De acordo com o artigo 227 da Constituição, é dever da família, da sociedade e do Estado garantir à criança e ao adolescente os direitos naturais do cidadão e colocá-los a salvo de toda forma de negligência, discriminação, exploração, violência e opressão.

Segundo a deputada, é importante frisar que o PL não pretende punir os pais. O projeto de lei prevê medidas educativas, como o encaminhamento a centros ou programas de orientação, que podem ser estendidos para toda a família. “Assim, os castigos físicos serão substituídos por formas pedagógicas baseadas no diálogo e respeito pela integridade física. Todo mundo aprende”, diz a deputada.

“Além disso, é um equivoco chamá-lo de PL das palmadas. O que se quer com ele é garantir que as crianças e os adolescentes cresçam saudáveis, sem marcas e traumas”, assegura.

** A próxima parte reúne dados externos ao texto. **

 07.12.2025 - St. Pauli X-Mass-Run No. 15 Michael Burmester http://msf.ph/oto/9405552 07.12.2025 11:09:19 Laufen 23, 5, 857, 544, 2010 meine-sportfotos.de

“É aceitável que a lei puna a violência praticada contra adultos, nas mais diversas formas, enquanto que a violência contra crianças tem sido admitida, disfarçada de recurso pedagógico. O castigo físico imposto a uma criança, ainda que ‘moderado’, é ato de violência e provoca traumas significativos. Isto não pode continuar”, argumentou.

A advogada Maria Berenice concorda com a proposta. Para ela “os filhos não são propriedades dos pais. Eles são cidadãos e por isso pertencem ao estado, dessa forma é perfeitamente cabível a interferência dele na educação da criança”, ressalta.

A representante do Conselho Federal de Psicologia no Conselho Nacional dos Direitos da Criança e do Adolescente (Conanda), psicóloga Maria Luiza Moura, concorda com a deputada ao dizer que é um equívoco denominar a proposta de PL das palmadas. Pois, esta discussão trata-se de relações afetivas. “E a relação construída entre pais e filhos não pode ser baseada na agressividade. Tem de partir do carinho, da atenção, da conversa. E isso inclui limites”, argumenta.

Para ela, é muito mais fácil prevenir agora, porque depois as consequências e sequelas deixadas nas crianças que sofreram algum tipo de agressão não são fáceis de apagar. “Os traumas ficam para a vida inteira, ninguém apaga isso da lembrança delas, a única saída nesses casos é trabalhar o psicológico delas para que entendam que o pior já passou e que possam seguir suas vidas”, esclarece.

Ela lembra dos inúmeros casos de tortura, agressão e maus tratos contra as crianças já foram noticiados pela imprensa. “O PL vem primeiramente assegurar a esses ‘pequenos’ os seus direitos. Esta é uma tentativa de frear a barbárie direcionadas a eles. Esta é uma oportunidade que temos de tentar fazer as coisas ‘direito'”, finaliza.